Since the (delimiter)? group is optional, the pattern is equivalent to the following (incorrect):
(.*.*|.*delimiter.*)
As described above, the .*.* pattern causes slow-downs and thus affects productivity. Therefore, it is required to use the following pattern instead (correct):
.*(delimiter.*)?
Need for a defined left context
If the left margin is not clearly defined (e.g. (.{1,100}{entity_suffix}))
), it can cause a slow-down when parsing.
Consider the following solution instead:
({left_margin}.{1,100}{entity_suffix})
Where {left_margin}
stopper may include: start of the line , punctuation, copyright sign, particular words (e.g. address, hotel, corporate prefix, etc.
It is also recommended to avoid {left_margin} in a condition e.g. if not match $$ {left_margin} to the main pattern.
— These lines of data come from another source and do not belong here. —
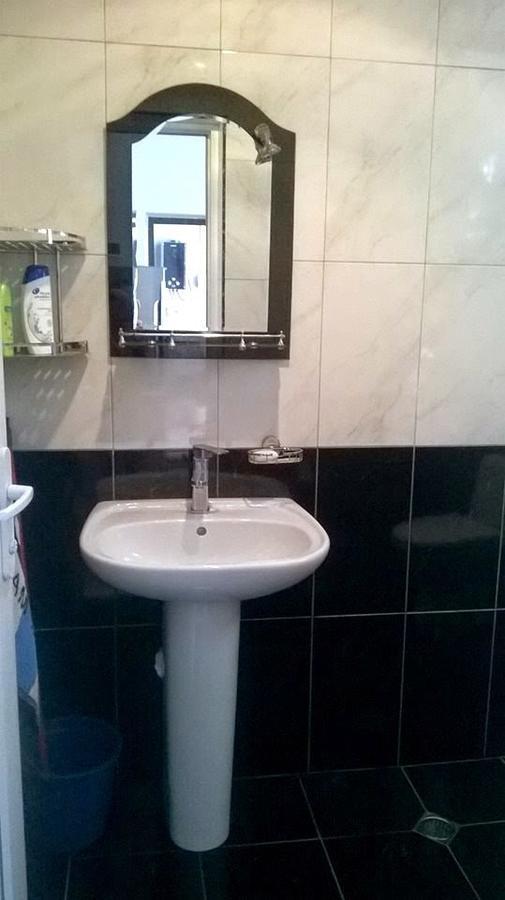 Batumi Guesthouse 28A エクステリア 写真
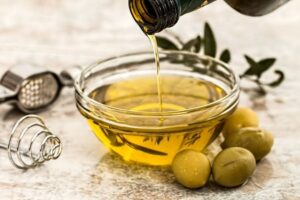 Read more about the article Can You Use Vegetable Oil Instead of Olive Oil?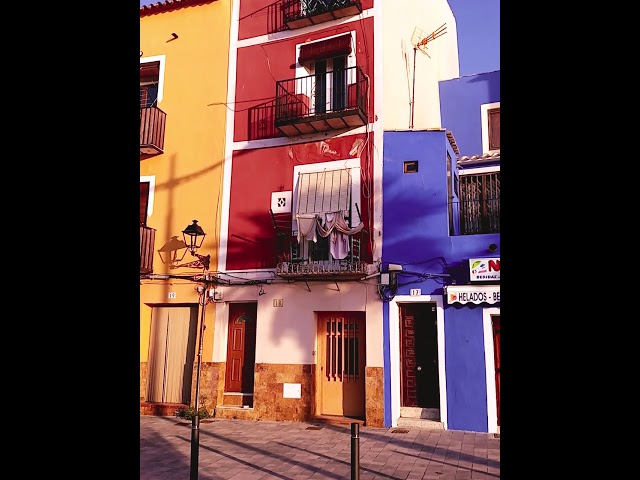 casas de colores villajoyosa como llegar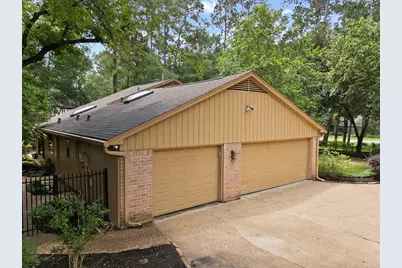 2802 Valley Manor Drive, Houston, TX 77339 - Photo 2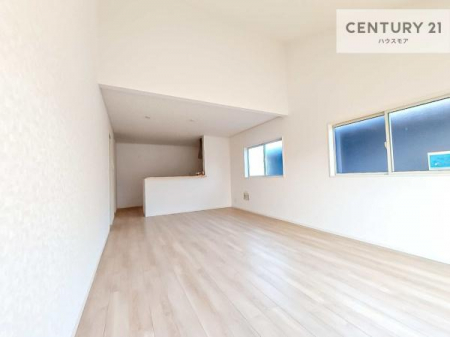 rO@؂ȉƑW܂邩炱LDKɂ͂肽B
qCɏ΂Ȃ瑖ĂpuLƂɂėǂvƎvuԂłB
A better solution is to include {left_margin} to the main pattern, e.g.: ({left_margin}.{1,100}{entity_suffix}) |
Carrying out common prefixes
pattern slow
(
{heavy_common_prefix}{suffix1}
|{heavy_common_prefix}{suffix2}
|{heavy_common_prefix}{suffix3}
)
pattern faster
(
{heavy_common_prefix}({suffix1}|{suffix2}|{suffix3})
)
- slow pattern: the prefix will be searched through 3 times in 3 combinations with suffixes 1, 2, 3;
- faster pattern: the prefix will be searched through only once instead which will optimize the execution process.